Rail passengers will see fares rise by 3.6% when price changes come into force in the new year, according to official figures.
The Office for National Statistics (ONS) said the Retail Price Index (RPI) measure of inflation, which is used to calculate train ticket prices, rose by 3.6% in July, up from 3.5% in June.
It came as Consumer Price Index (CPI) inflation held steady at 2.6% last month, the same rate as June.
While the outcome was below economists' predictions of 2.7%, CPI remained above the Bank of England's inflation target of 2%.
James Tucker, ONS head of consumer price inflation, said: "Falling fuel prices offset by the costs of food, clothing and household goods left the headline rate of inflation unchanged in July."
However, he warned against using RPI, saying it was "not a good measure" and the ONS does not "recommend its use".

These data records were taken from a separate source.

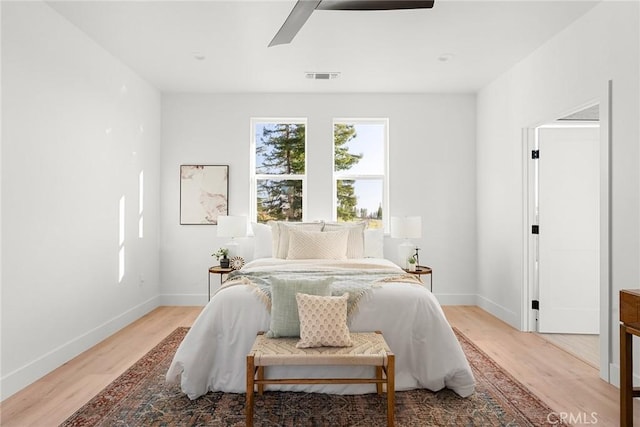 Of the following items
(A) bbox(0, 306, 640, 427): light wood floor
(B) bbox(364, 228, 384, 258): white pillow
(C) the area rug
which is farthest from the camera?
(B) bbox(364, 228, 384, 258): white pillow

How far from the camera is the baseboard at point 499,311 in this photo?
4363 mm

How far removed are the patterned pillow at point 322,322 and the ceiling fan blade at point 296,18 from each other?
1653 millimetres

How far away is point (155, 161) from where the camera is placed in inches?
208

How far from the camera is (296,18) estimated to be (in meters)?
2.50

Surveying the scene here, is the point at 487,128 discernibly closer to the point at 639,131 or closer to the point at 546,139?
the point at 546,139

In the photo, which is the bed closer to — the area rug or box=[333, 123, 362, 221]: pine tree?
the area rug

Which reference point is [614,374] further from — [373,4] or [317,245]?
[373,4]

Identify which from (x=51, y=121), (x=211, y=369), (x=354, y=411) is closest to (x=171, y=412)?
(x=211, y=369)

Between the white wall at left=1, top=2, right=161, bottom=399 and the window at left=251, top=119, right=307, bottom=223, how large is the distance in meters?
1.49

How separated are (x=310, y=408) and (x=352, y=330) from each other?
0.55 meters

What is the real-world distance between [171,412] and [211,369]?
364 mm

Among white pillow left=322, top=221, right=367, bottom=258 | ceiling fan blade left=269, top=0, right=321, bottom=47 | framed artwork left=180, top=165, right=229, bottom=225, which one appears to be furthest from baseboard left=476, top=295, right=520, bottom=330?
ceiling fan blade left=269, top=0, right=321, bottom=47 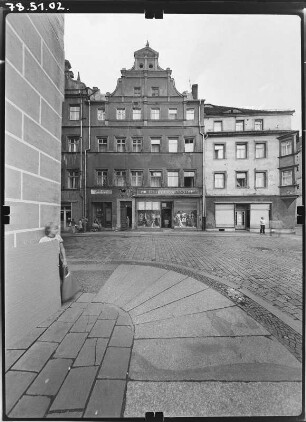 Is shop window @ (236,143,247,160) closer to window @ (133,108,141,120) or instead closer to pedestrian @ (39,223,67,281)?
window @ (133,108,141,120)

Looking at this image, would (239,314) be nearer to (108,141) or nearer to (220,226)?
(220,226)

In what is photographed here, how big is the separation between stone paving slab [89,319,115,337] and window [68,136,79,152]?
2117 mm

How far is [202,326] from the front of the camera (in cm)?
203

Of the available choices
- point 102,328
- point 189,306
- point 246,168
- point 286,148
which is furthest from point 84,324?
point 286,148

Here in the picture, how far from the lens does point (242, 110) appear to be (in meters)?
2.15

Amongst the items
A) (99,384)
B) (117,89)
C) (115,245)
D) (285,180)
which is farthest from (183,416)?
(117,89)

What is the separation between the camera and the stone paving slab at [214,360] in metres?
1.57

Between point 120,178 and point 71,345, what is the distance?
1.88 metres

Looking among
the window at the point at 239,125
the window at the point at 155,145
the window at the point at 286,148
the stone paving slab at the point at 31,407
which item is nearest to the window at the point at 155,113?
the window at the point at 155,145

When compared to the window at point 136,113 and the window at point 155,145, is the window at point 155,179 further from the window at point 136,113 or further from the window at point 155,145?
the window at point 136,113

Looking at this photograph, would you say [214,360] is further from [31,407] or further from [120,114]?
[120,114]

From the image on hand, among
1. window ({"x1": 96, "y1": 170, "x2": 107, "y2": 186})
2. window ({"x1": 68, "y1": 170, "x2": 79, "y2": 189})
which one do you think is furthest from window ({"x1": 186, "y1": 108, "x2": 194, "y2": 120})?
window ({"x1": 68, "y1": 170, "x2": 79, "y2": 189})

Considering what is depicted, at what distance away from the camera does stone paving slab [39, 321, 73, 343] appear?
1.88 m

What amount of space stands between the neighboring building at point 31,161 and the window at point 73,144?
130 mm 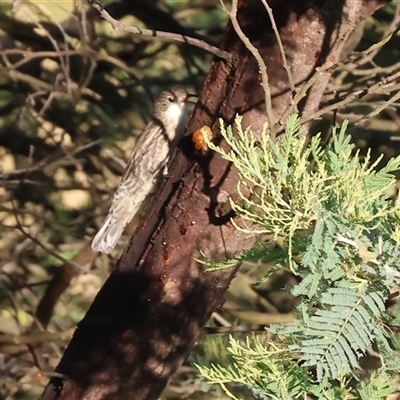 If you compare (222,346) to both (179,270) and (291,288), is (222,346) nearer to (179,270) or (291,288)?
(179,270)

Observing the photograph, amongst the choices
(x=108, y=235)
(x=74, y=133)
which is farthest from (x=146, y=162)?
(x=74, y=133)

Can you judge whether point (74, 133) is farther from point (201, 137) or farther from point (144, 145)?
point (201, 137)

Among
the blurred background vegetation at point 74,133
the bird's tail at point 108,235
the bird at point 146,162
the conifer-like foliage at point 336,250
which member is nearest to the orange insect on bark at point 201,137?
the conifer-like foliage at point 336,250

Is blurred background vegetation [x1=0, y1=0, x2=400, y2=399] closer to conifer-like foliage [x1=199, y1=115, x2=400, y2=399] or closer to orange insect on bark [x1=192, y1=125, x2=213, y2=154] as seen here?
orange insect on bark [x1=192, y1=125, x2=213, y2=154]

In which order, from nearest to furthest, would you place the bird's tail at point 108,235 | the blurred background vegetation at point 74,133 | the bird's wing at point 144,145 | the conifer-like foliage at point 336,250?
the conifer-like foliage at point 336,250 → the bird's wing at point 144,145 → the bird's tail at point 108,235 → the blurred background vegetation at point 74,133

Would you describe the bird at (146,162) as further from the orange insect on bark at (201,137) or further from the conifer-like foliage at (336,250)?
the conifer-like foliage at (336,250) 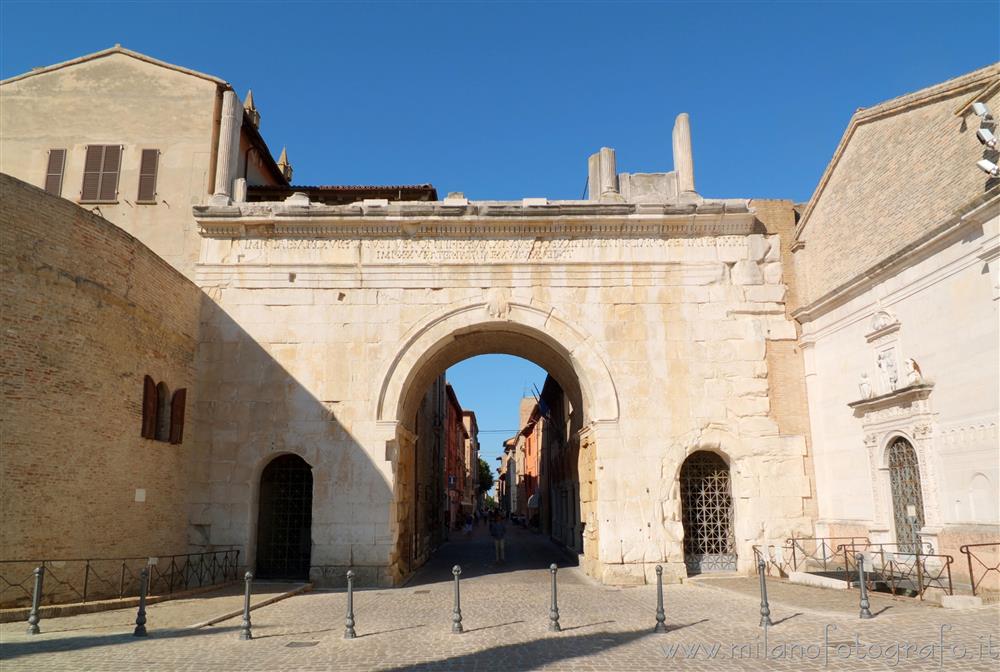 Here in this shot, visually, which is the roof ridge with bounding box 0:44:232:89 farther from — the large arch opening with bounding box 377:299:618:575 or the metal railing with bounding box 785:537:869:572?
the metal railing with bounding box 785:537:869:572

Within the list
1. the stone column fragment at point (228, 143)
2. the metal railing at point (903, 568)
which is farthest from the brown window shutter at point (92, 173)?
the metal railing at point (903, 568)

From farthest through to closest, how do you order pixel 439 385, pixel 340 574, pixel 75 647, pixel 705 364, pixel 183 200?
1. pixel 439 385
2. pixel 183 200
3. pixel 705 364
4. pixel 340 574
5. pixel 75 647

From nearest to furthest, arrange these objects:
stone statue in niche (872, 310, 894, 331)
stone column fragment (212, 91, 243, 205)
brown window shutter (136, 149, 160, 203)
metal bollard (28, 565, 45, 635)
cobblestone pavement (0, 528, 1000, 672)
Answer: cobblestone pavement (0, 528, 1000, 672)
metal bollard (28, 565, 45, 635)
stone statue in niche (872, 310, 894, 331)
stone column fragment (212, 91, 243, 205)
brown window shutter (136, 149, 160, 203)

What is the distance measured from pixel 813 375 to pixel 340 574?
10417 mm

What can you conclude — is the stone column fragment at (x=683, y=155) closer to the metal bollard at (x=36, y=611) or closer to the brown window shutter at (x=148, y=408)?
the brown window shutter at (x=148, y=408)

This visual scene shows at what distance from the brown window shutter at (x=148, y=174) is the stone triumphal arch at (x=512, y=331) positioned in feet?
7.84

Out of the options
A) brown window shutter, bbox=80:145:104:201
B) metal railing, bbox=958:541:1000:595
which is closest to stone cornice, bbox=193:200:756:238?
brown window shutter, bbox=80:145:104:201

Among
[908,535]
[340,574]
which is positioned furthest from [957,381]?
[340,574]

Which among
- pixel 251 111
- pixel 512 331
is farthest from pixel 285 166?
pixel 512 331

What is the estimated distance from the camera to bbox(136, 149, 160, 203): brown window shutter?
16734 millimetres

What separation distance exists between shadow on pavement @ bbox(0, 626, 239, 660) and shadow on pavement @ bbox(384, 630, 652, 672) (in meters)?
3.12

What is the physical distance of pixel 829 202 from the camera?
14.3 meters

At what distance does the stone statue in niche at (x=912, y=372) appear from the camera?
37.3 ft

Sterling, already under pressure amid political confusion over Brexit, dipped on the news.
The pound was trading 0.3% lower against the dollar at 1.29 and 0.1% lower verses the euro at 1.09 euros.
Households have seen their spending power come under sustained pressure from lacklustre wage growth and higher inflation, triggering an increase in credit and a decline in savings.
The ONS said the main downward impact on the cost of living came from a drop in fuel prices, which sank by 1.3% between June and July after growing by 0.7% over the period in 2016.
Petrol fell by 1.4p month on month to 113.9p per litre, while diesel slipped by 1.7p to 115.6p per litre.
The decline was countered in part by food prices notching 0.1% higher month on month in July after falling by 0.2% over the period last year.
Meat and other items such as sauces became more expensive in July, the ONS said.
Clothing and footwear prices were putting upward pressure on CPI after recording a smaller fall of 3% between June and July, compared to a 3.4% drop last year.
Utility bills were also pricier last month, with electricity, gas and other fuels lifting 0.8% between June and July after coming in flat over the period in 2016.
The jump was partly caused by energy giant EDF hiking electricity and gas prices towards the end of June.
The Consumer Price Index including owner-occupiers' housing costs (CPIH) also remained at 2.6% in July, in line with the rate for June.
CPIH is the ONS's preferred measure of inflation, which includes costs associated with living in, maintaining and owning a home.
A Treasury spokesman said: "Although inflation is likely to start falling next year, we understand some families are concerned today about the cost of living.
"That is why we have given the lowest paid a pay rise through the National Living Wage and are cutting taxes for 31 million people."
The Bank of England expects inflation to peak at 3% by the autumn of this year and has signalled that it is no hurry to hike interest rates.
The Bank's Monetary Policy Committee (MPC) voted 6-2 to keep the cost of borrowing on hold at a record low of 0.25% when it announced its inflation report earlier this month.
However, Bank deputy governor Ben Broadbent said "there maybe some possibility" for rates to move higher.
Ian Kernohan, economist at Royal London Asset Management, said: "While there is still some residual impact of sterling devaluation to feed through, with underlying inflationary pressures low, we think that CPI is close to topping out for the immediate future."
However, Ben Brettell, senior economist at Hargreaves Lansdown, said inflation may have already peaked and could fall back in the months ahead.
He said: "All this is good news for the consumer, as it helps alleviate the continuing squeeze on household finances, though pay is still shrinking in real terms for now.
"Tomorrow's labour market update is expected to show wage growth remained at 1.8% for the three months to July.
"It's also good news for borrowers - moderating inflation means less pressure on the Bank of England to consider raising interest rates, and will allow the MPC to remove the sticking plaster of ultra-low interest rates very slowly indeed."